---------- Records provided ----------

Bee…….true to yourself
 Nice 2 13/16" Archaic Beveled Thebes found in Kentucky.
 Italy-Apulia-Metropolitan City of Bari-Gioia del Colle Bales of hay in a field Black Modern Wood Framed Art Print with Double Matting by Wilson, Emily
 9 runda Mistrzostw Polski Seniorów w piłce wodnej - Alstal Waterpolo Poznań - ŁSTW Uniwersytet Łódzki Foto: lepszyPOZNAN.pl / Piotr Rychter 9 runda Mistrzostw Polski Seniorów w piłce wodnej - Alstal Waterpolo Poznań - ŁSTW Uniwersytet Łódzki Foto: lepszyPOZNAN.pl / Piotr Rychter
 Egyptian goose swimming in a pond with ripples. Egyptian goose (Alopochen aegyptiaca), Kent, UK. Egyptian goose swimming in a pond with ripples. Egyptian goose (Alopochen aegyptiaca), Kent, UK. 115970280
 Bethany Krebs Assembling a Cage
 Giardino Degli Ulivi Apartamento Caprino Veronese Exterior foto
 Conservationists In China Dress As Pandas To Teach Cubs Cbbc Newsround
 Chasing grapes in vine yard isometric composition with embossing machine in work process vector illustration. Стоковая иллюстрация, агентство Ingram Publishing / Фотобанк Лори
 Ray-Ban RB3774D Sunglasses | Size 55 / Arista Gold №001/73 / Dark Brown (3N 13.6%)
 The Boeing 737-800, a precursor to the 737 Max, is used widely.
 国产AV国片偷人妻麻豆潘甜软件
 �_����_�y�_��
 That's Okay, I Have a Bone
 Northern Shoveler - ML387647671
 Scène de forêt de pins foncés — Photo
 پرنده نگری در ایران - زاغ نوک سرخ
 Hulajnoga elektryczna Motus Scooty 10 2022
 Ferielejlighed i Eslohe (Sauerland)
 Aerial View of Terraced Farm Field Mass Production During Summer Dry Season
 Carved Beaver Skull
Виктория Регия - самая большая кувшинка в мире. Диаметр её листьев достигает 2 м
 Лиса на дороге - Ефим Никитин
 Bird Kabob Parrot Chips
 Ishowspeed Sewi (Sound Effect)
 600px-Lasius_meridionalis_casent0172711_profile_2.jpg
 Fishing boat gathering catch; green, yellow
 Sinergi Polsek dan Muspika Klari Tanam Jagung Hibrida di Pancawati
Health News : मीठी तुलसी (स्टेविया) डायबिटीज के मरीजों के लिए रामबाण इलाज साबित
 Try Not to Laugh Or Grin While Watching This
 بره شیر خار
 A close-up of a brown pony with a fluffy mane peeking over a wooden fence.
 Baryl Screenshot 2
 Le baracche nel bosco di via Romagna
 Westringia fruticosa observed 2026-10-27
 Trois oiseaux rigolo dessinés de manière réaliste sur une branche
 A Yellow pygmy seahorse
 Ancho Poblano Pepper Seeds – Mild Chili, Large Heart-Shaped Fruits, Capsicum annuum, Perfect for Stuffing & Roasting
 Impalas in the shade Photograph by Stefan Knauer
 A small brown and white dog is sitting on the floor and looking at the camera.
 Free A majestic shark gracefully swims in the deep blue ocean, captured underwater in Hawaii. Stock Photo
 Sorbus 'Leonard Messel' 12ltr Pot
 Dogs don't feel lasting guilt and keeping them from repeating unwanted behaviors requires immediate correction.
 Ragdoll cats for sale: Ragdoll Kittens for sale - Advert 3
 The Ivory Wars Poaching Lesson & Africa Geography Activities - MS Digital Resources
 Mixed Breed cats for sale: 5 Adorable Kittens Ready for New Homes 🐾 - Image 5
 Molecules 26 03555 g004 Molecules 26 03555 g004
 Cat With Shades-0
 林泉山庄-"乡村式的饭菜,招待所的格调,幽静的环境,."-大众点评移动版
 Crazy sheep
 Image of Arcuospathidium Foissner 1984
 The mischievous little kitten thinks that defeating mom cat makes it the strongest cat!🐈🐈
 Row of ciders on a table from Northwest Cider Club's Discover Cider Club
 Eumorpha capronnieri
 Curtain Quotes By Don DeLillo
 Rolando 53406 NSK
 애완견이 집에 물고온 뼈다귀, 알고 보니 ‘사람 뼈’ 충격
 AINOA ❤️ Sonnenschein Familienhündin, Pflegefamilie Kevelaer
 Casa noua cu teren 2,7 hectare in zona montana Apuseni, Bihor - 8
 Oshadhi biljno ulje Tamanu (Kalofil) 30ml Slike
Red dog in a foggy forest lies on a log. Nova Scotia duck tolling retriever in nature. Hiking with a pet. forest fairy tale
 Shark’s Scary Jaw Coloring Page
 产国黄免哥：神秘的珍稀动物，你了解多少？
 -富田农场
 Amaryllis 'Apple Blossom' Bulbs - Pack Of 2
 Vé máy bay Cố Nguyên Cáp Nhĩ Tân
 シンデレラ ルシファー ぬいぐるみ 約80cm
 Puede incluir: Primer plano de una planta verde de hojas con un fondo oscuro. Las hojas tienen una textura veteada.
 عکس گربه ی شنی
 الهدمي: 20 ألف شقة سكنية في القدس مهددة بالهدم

----------

» Exercise
Take from the listing above each line containing "cats".

» Answer below
 Ragdoll cats for sale: Ragdoll Kittens for sale - Advert 3
 Mixed Breed cats for sale: 5 Adorable Kittens Ready for New Homes 🐾 - Image 5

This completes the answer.